In the temporarily Russian-occupied territories of Ukraine in the Donetsk and Luhansk regions, the OHCHR and the International Committee of the Red Cross (ICRC) do not have systematic access to places of imprisonment, despite the agreements made during the Paris Summit of the Normandy Format (09.12.2019). The Ukrainian side is only aware of a few of cases of ICRC access to prisoners in these territories.

The Ukrainian side continues to demand urgent full and unconditional access from the Russian side for representatives of the ICRC and the UN Human Rights Monitoring Mission in Ukraine to all so-called ‘places of deprivation of liberty’, without exception, in the temporarily Russian-occupied territories of Ukraine in the Donetsk and Luhansk regions.

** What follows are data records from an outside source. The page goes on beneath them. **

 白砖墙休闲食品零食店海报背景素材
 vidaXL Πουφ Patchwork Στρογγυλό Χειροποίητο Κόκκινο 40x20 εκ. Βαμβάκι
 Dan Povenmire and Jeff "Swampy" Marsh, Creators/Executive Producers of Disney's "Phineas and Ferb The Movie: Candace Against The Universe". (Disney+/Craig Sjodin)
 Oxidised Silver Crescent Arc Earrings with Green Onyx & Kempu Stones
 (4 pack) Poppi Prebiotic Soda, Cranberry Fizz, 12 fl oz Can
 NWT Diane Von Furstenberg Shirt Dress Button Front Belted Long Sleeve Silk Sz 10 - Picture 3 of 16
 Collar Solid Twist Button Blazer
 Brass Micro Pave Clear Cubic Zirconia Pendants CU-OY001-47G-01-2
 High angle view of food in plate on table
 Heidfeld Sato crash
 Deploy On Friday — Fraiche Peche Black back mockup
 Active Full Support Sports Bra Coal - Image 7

The Ukrainian delegation to the Trilateral Contract Group for the peaceful settlement of the situation in eastern Ukraine (TCG) constantly raises the question of including to the agenda of its Humanitarian Working Subgroup an item concerning the operation of the ‘Izolyatsia’ illegal prison in Donetsk, temporarily Russian-occupied territory of Ukraine.

For its part, Ukraine guarantees international organisations, including the ICRC, full and unconditional access to detainees throughout all territories controlled by the Government of Ukraine (On December 22, 2019, the Law of Ukraine ‘On Amendments to the Law of Ukraine ‘On Pre-Trial Detention’ to ensure unimpeded access of representatives of the International Committee of the Red Cross to persons taken into custody’ entered into force).

In the thirty-second report by the OHCHR on the human rights situation in Ukraine, that covers the period from 1 February to 31 July 2021 and based on the work of the United Nations Human Rights Monitoring Mission in Ukraine, іt says, in particular, the following:

  • OHCHR continued to enjoy unimpeded access to official places of detention in Government-controlled territory, allowing for confidential interviews with detainees. During the reporting period, OHCHR interviewed 28 detainees and prisoners (25 men and 3 women) in detention facilities in Bakhmut, Dnipro, Kharkiv, Odesa, Mariupol, Starobilsk, and Zaporizhzhia;
  • By contrast, in the temporarily Russian-occupied territories of Ukraine in the Donetsk and Luhansk regions, OHCHR continued to have no access to detainees and places of deprivation of liberty despite repeated requests. This was particularly concerning given the widespread and credible allegations of torture and ill-treatment in a number of facilities, and of detention conditions that do not meet international human rights standards.